One person who lived close by said they heard gunshots before police escorted them to vehicles so they could leave the area.
“It was very scary,” the resident said, adding they had avoided contact with Mayne, his wife and her brother over the last few years.
The indictment called the Outlaws a “highly organized criminal enterprise with a defined, multi-level chain of command,” and detailed a pattern of violence against club members who broke rules and members of rival gangs including the Hell’s Angels, Desperados, Renegades and Diablos.
Also named in the indictment as members of the Maine Outlaws chapter are Thomas Benvie, charged with the same offenses as Mayne; and Joseph Allman, listed as a past president of the Maine Outlaws chapter. Benvie, a Sanford resident, was to appear Thursday in federal court in Portland for a detention hearing.
Allman is alleged to have run down a member of a rival motorcycle gang in Ossipee, N.H., in June 2005.

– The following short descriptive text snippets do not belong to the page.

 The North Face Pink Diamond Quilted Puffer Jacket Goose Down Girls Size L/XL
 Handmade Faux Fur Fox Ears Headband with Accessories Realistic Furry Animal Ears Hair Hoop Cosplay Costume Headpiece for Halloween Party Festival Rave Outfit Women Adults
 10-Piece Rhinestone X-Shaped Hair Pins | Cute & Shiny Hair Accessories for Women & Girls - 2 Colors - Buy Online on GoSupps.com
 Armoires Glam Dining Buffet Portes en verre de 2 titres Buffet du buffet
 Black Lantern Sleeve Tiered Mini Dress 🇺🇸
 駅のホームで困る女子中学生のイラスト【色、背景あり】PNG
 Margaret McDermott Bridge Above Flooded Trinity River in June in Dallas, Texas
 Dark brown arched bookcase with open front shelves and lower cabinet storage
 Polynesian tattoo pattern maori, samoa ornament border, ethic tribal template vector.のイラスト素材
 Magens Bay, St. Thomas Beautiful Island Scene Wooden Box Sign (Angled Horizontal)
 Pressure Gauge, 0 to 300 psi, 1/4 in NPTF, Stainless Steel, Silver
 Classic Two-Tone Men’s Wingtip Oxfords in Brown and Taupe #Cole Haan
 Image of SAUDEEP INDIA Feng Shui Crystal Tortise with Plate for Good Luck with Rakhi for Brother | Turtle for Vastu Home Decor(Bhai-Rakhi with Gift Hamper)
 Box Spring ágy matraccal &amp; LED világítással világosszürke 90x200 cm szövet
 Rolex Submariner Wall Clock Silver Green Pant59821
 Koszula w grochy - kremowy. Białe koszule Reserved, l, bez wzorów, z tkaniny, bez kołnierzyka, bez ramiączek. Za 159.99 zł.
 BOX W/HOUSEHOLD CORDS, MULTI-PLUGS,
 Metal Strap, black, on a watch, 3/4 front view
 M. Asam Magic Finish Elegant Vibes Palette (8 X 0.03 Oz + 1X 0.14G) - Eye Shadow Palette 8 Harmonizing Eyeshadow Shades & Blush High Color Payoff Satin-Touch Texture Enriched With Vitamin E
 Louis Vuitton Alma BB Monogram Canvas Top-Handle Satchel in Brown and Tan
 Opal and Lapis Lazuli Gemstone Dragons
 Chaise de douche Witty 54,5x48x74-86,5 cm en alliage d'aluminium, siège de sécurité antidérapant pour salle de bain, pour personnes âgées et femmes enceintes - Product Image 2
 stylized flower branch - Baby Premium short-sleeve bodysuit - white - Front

The indictment said Outlaws members would often ally themselves with gangs, including the Pagans, to fight rival gangs. Outlined in the indictment are accounts of a racially motivated beating against a black man in Fredericksburg, Va., in November 2008 and the kidnapping of an undercover sheriff in Tennessee in December 2009.
Kelley declined to comment on whether Mayne was known to local law police for any incidents or charges, and said visitors and residents of Old Orchard Beach should not be overly concerned about the presence of motorcycle gangs in town.
“The problem exists wherever you go,” Kelley said.